[Extracted data Boundary: Start]

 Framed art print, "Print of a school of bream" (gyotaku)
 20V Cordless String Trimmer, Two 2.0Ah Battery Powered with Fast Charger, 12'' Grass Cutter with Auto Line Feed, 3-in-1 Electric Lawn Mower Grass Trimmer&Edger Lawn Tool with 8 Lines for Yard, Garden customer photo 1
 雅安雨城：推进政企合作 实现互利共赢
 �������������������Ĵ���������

[Extracted data Boundary: End]
[Extracted data Boundary: Start]

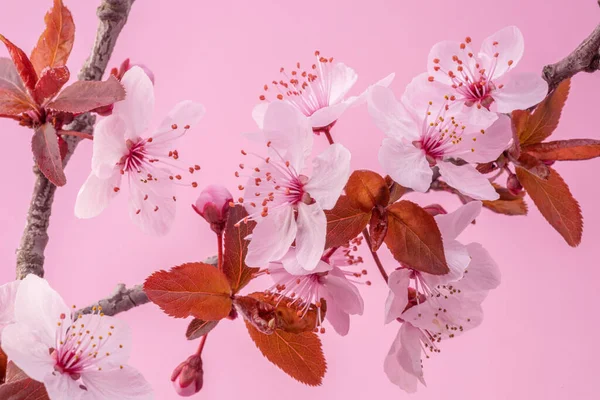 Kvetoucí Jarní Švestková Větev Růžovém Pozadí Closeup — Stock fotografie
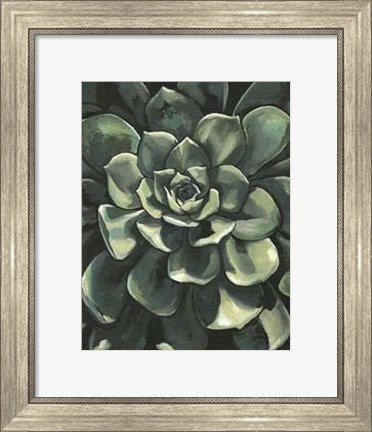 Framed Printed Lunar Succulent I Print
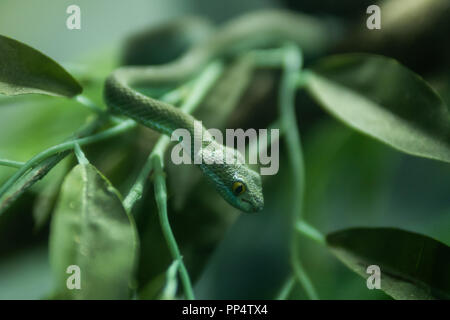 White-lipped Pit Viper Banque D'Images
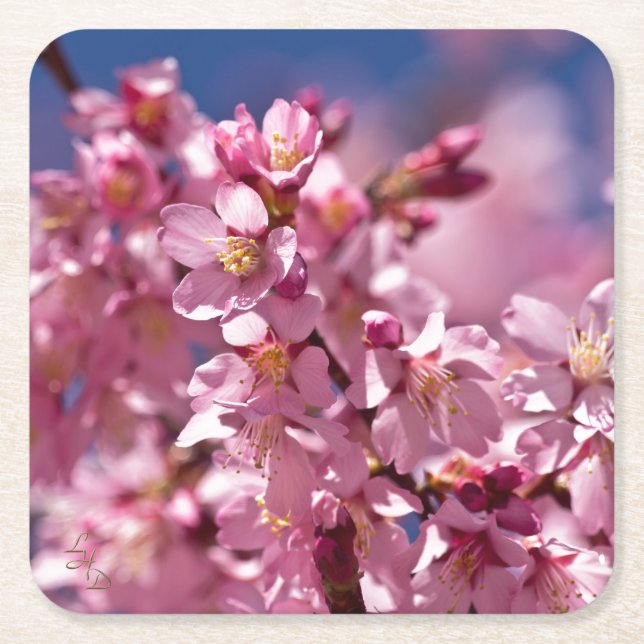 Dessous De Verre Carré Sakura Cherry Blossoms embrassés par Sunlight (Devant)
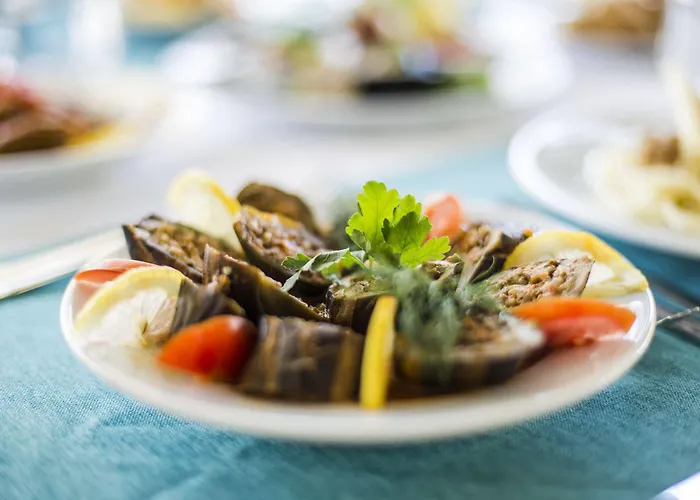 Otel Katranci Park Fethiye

[Extracted data Boundary: End]
[Extracted data Boundary: Start]

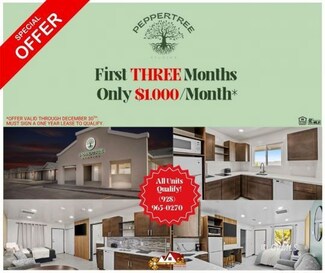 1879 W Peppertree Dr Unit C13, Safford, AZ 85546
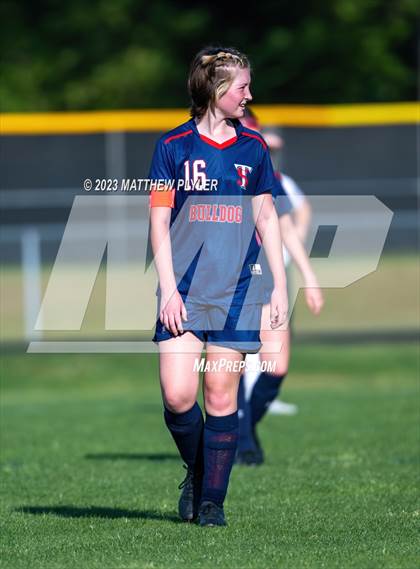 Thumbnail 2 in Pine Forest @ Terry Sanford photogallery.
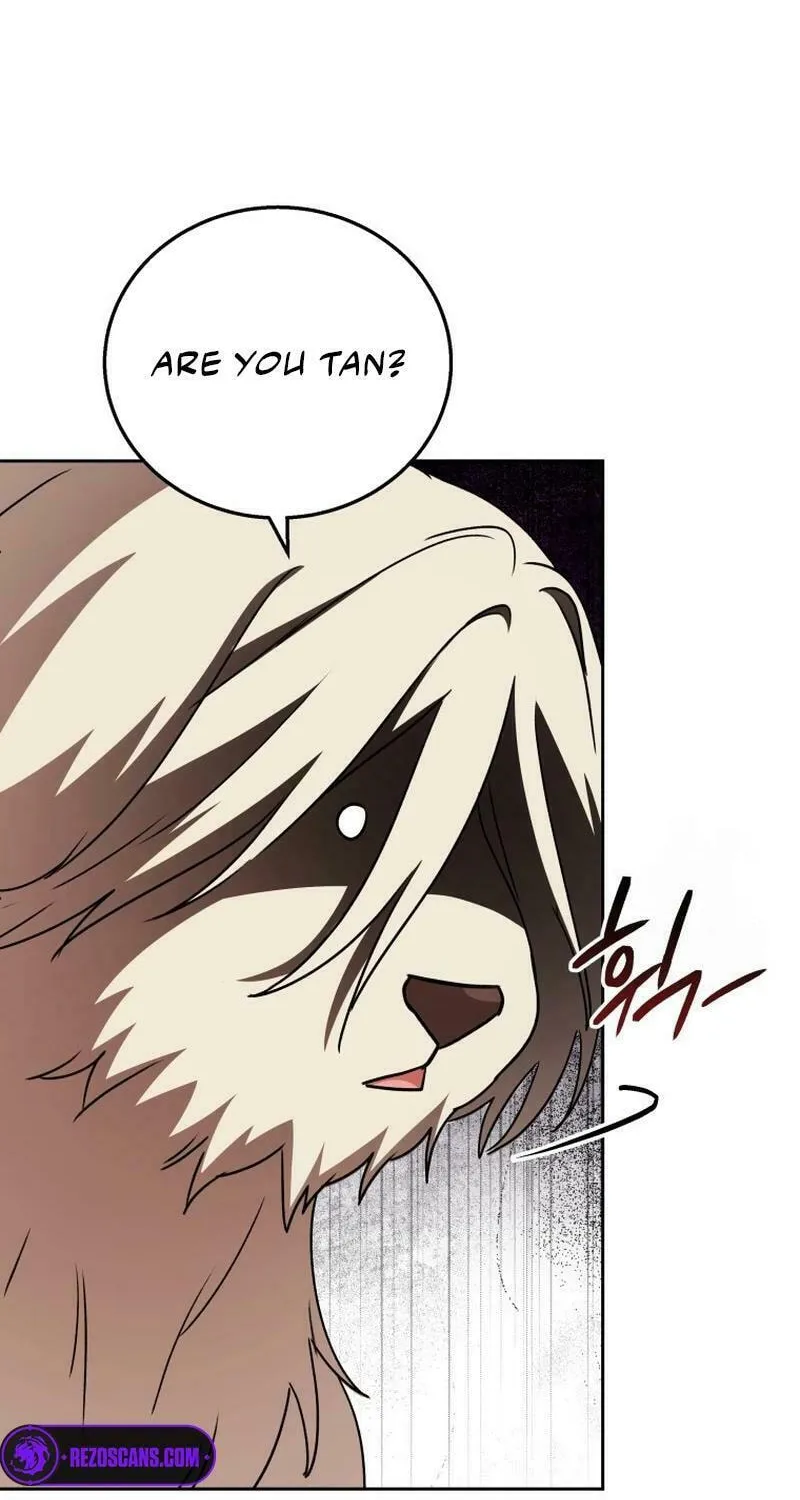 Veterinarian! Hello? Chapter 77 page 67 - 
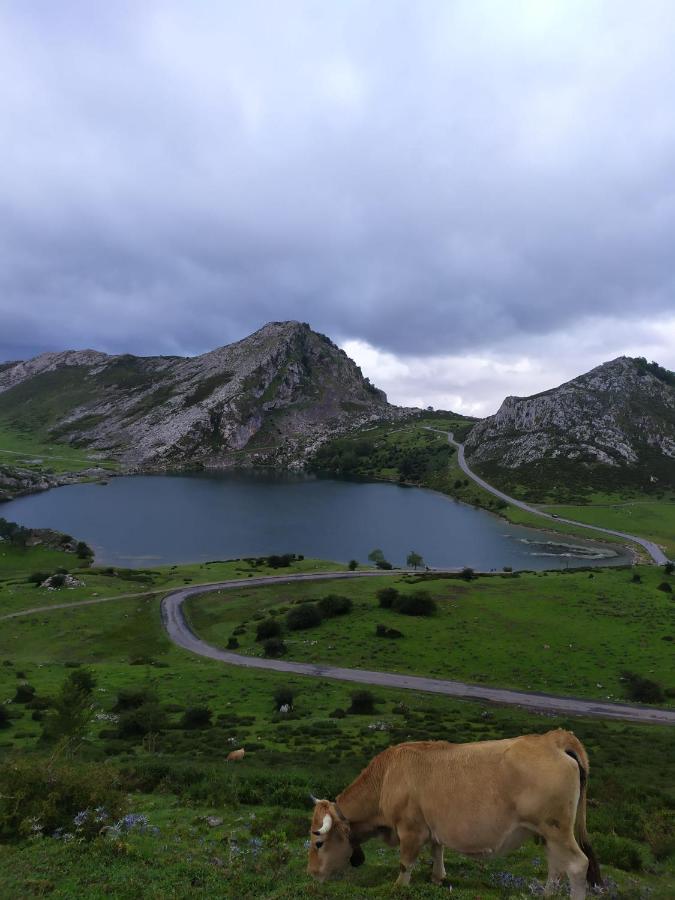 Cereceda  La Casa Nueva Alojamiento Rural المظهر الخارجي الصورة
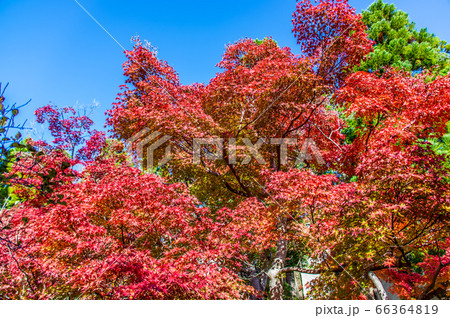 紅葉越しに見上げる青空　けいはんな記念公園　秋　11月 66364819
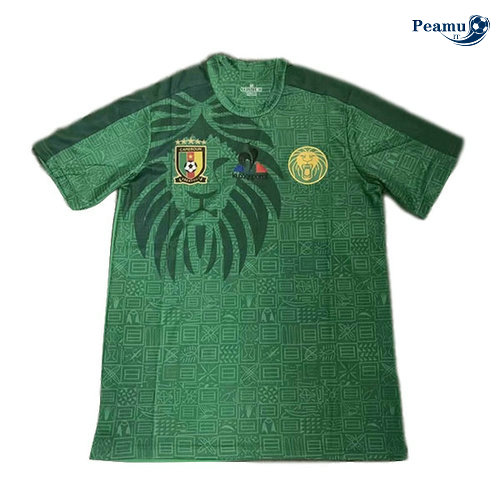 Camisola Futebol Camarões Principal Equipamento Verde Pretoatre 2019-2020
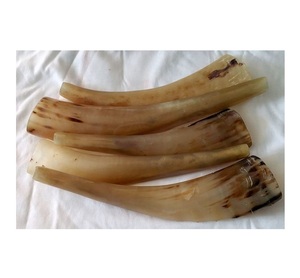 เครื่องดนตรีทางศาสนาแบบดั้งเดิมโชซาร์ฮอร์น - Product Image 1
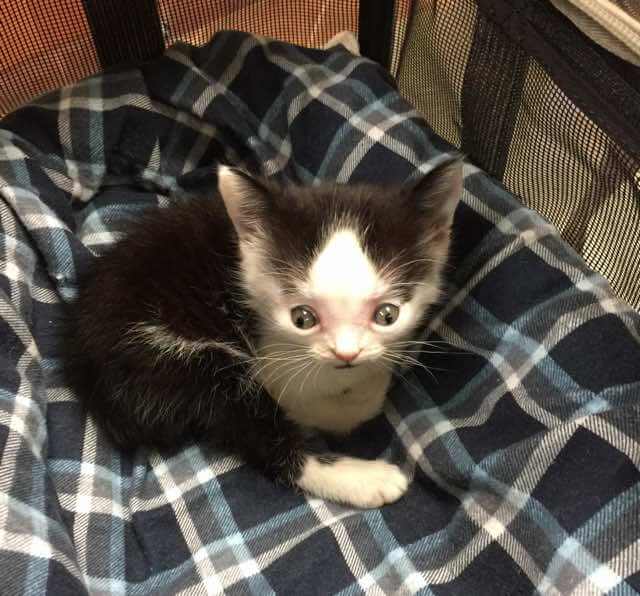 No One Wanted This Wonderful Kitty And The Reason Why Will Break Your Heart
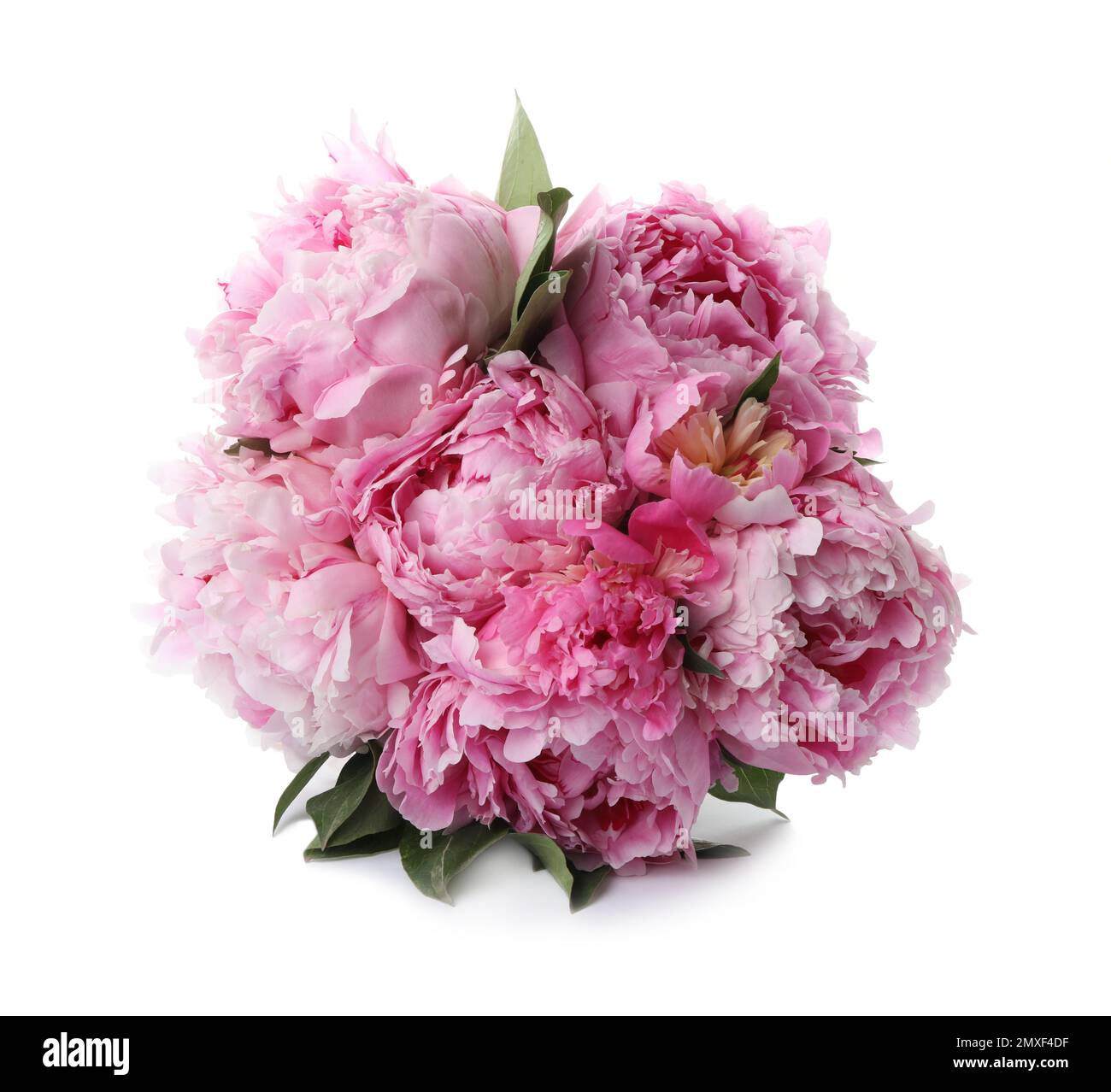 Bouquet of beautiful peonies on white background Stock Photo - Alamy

[Extracted data Boundary: End]

What you need to do
Above are some records. Reproduce the lines from the one with "Framed Printed Lunar Succulent I Print" down to the one with "Otel Katranci Park Fethiye", keeping both, and leave every picture out.

Output of the task
 Framed Printed Lunar Succulent I Print
 White-lipped Pit Viper Banque D'Images
 Dessous De Verre Carré Sakura Cherry Blossoms embrassés par Sunlight (Devant)
 Otel Katranci Park Fethiye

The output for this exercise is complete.